2

TL;DR: Solution

The problem was that one instance hat magnetic storage attached and was therefore significantly slower.

Original Question

I have two identical AWS RDS PostgreSQL 10.6 databases running on separate t2.medium instances in different VPC subnets, but within the same availability zone. They represent our staging/production environment, respectively. The only difference between both instances I can see is that the production instance is multi-AZ, while the staging instance is not.

When I run the simple query

select * from auva_orders

on a table with ~18 mio. rows each, I see dramatic runtime differences:

  • staging: 1:30m - 1:50m
  • production: ~0:30m

Both tables are continuously populated with new entries by a Kafka consumer, contain nearly the same number of rows and have identical indices:

Indexes:
    "auva_order_pk" PRIMARY KEY, btree (topic_partition, topic_offset)
    "auvaOrderCompanyCountryOrderdate" btree (company_code, country_code, orderdate)

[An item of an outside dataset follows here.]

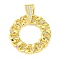 Rack Plating Brass Micro Pave Cubic Zirconia Pendants, with Link Chain Shape, Round, Real 18K Gold Plated, 30x25x6.5mm, Hole: 4x4mm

If I EXPLAIN (ANALYSE, BUFFERS) the queries for each environment, I get the following results:

  • staging:
EXPLAIN (ANALYZE, BUFFERS) select count(*) from auva_order;
                                                          QUERY PLAN
------------------------------------------------------------------------------------------------------------------------------
 Finalize Aggregate  (cost=421029.42..421029.43 rows=1 width=8) (actual time=97541.306..97541.306 rows=1 loops=1)
   Buffers: shared hit=52389 read=273887 dirtied=129
   ->  Gather  (cost=421029.21..421029.42 rows=2 width=8) (actual time=97540.845..97542.098 rows=3 loops=1)
         Workers Planned: 2
         Workers Launched: 2
         Buffers: shared hit=52389 read=273887 dirtied=129
         ->  Partial Aggregate  (cost=420029.21..420029.22 rows=1 width=8) (actual time=97538.854..97538.855 rows=1 loops=3)
               Buffers: shared hit=52389 read=273887 dirtied=129
               ->  Parallel Seq Scan on auva_order  (cost=0.00..401278.57 rows=7500257 width=0) (actual time=4.692..95822.212.
. rows=6000544 loops=3)
                     Buffers: shared hit=52389 read=273887 dirtied=129
 Planning time: 0.069 ms
 Execution time: 97542.148 ms
(12 rows)
  • production:
EXPLAIN (ANALYZE, BUFFERS) select count(*) from auva_order;
                                                          QUERY PLAN
------------------------------------------------------------------------------------------------------------------------------
 Finalize Aggregate  (cost=417818.52..417818.53 rows=1 width=8) (actual time=30899.683..30899.684 rows=1 loops=1)
   Buffers: shared hit=60023 read=263042 dirtied=1
   ->  Gather  (cost=417818.30..417818.51 rows=2 width=8) (actual time=30898.544..30900.360 rows=3 loops=1)
         Workers Planned: 2
         Workers Launched: 2
         Buffers: shared hit=60023 read=263042 dirtied=1
         ->  Partial Aggregate  (cost=416818.30..416818.31 rows=1 width=8) (actual time=30897.146..30897.147 rows=1 loops=3)
               Buffers: shared hit=60023 read=263042 dirtied=1
               ->  Parallel Seq Scan on auva_order  (cost=0.00..398067.64 rows=7500264 width=0) (actual time=0.312..29168.159.
. rows=6000545 loops=3)
                     Buffers: shared hit=60023 read=263042 dirtied=1
 Planning time: 0.070 ms
 Execution time: 30900.420 ms
(12 rows)

I have no idea what causes the differences in runtime. Our staging instance might be under heavier load during the current development phase, but I don't think this explains a factor of 3-4 in runtime. The CPU credits of the burstable AWS EC2 instances are "full", so there is no shortage of CPU power in any of the instances. Any ideas what might be the cause?

3
  • There could be a few possible resource issues. 1. Is the problem intermittent, or do you get repeatable results? 2. Compare I/O activity graph for both instances at the time of testing. There might be concurrent write operations which slow it down. Do the same for CPU usage. 3. Analyze concurrent locking (use pg_locks view).
    – filiprem
    Mar 14, 2019 at 15:00
  • Does RDS let you turn track_io_timing on? If so, do that and repeat the EXPLAIN (ANALYZE, BUFFERS). Also, just because your CPU credits are full, doesn't mean there isn't a co-tenant who also has their CPU credits full and is in the process of using them. If you want highly predictable performance, don't use t2 instances.
    – jjanes
    Mar 14, 2019 at 16:50
  • Now this is embarrassing. I just found out that my two instances are not in fact identical: The staging instance has magnetic storage attached, while the other works on SSDs. Thank you for your valuable hints, @filiprem and @jjanes!